Short web captions →
------------------------

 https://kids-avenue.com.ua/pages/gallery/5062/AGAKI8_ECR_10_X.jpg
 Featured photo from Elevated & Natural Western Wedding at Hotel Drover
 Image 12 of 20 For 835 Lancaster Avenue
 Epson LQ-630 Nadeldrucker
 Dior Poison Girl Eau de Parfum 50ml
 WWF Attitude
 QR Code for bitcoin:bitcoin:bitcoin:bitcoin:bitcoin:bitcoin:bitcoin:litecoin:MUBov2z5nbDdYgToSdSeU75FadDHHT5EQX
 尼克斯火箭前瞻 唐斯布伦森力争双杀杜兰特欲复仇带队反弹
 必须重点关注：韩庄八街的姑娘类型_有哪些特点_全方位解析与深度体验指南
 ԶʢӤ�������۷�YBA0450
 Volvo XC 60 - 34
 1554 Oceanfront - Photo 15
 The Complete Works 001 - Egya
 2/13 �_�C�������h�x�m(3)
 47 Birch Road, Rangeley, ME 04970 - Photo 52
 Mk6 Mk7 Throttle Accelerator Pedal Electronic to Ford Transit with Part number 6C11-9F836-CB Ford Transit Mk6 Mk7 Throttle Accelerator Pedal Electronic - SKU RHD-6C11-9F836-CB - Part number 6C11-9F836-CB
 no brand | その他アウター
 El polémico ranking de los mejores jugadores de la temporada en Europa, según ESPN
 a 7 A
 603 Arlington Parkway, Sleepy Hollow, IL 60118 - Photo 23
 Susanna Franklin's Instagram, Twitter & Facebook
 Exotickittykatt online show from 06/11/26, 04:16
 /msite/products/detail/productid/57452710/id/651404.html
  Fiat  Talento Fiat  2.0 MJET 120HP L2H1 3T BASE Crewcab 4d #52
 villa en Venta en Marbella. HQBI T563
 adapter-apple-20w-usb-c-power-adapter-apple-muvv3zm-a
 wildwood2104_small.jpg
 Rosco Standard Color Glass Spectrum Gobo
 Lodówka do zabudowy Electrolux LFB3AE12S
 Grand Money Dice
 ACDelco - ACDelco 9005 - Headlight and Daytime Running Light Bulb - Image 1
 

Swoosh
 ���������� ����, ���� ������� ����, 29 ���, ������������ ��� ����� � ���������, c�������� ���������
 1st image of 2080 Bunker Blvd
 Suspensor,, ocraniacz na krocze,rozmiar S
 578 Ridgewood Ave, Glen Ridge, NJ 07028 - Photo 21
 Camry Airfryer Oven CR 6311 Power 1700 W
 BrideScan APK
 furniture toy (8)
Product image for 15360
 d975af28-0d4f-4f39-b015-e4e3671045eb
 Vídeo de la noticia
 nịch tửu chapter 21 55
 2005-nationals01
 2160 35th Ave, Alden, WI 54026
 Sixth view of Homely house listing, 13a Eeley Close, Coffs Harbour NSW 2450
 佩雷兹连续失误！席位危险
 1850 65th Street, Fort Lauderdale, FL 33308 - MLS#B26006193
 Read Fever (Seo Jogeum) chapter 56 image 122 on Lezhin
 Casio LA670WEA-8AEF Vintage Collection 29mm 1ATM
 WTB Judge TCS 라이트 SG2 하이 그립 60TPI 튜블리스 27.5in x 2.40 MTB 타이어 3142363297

------------------------

Assignment →
What you return must be an exact retyping of the lines above starting at the line with "Image 12 of 20 For 835 Lancaster Avenue" and ending at the line with "603 Arlington Parkway, Sleepy", and nothing besides.

Your solution →
 Image 12 of 20 For 835 Lancaster Avenue
 Epson LQ-630 Nadeldrucker
 Dior Poison Girl Eau de Parfum 50ml
 WWF Attitude
 QR Code for bitcoin:bitcoin:bitcoin:bitcoin:bitcoin:bitcoin:bitcoin:litecoin:MUBov2z5nbDdYgToSdSeU75FadDHHT5EQX
 尼克斯火箭前瞻 唐斯布伦森力争双杀杜兰特欲复仇带队反弹
 必须重点关注：韩庄八街的姑娘类型_有哪些特点_全方位解析与深度体验指南
 ԶʢӤ�������۷�YBA0450
 Volvo XC 60 - 34
 1554 Oceanfront - Photo 15
 The Complete Works 001 - Egya
 2/13 �_�C�������h�x�m(3)
 47 Birch Road, Rangeley, ME 04970 - Photo 52
 Mk6 Mk7 Throttle Accelerator Pedal Electronic to Ford Transit with Part number 6C11-9F836-CB Ford Transit Mk6 Mk7 Throttle Accelerator Pedal Electronic - SKU RHD-6C11-9F836-CB - Part number 6C11-9F836-CB
 no brand | その他アウター
 El polémico ranking de los mejores jugadores de la temporada en Europa, según ESPN
 a 7 A
 603 Arlington Parkway, Sleepy Hollow, IL 60118 - Photo 23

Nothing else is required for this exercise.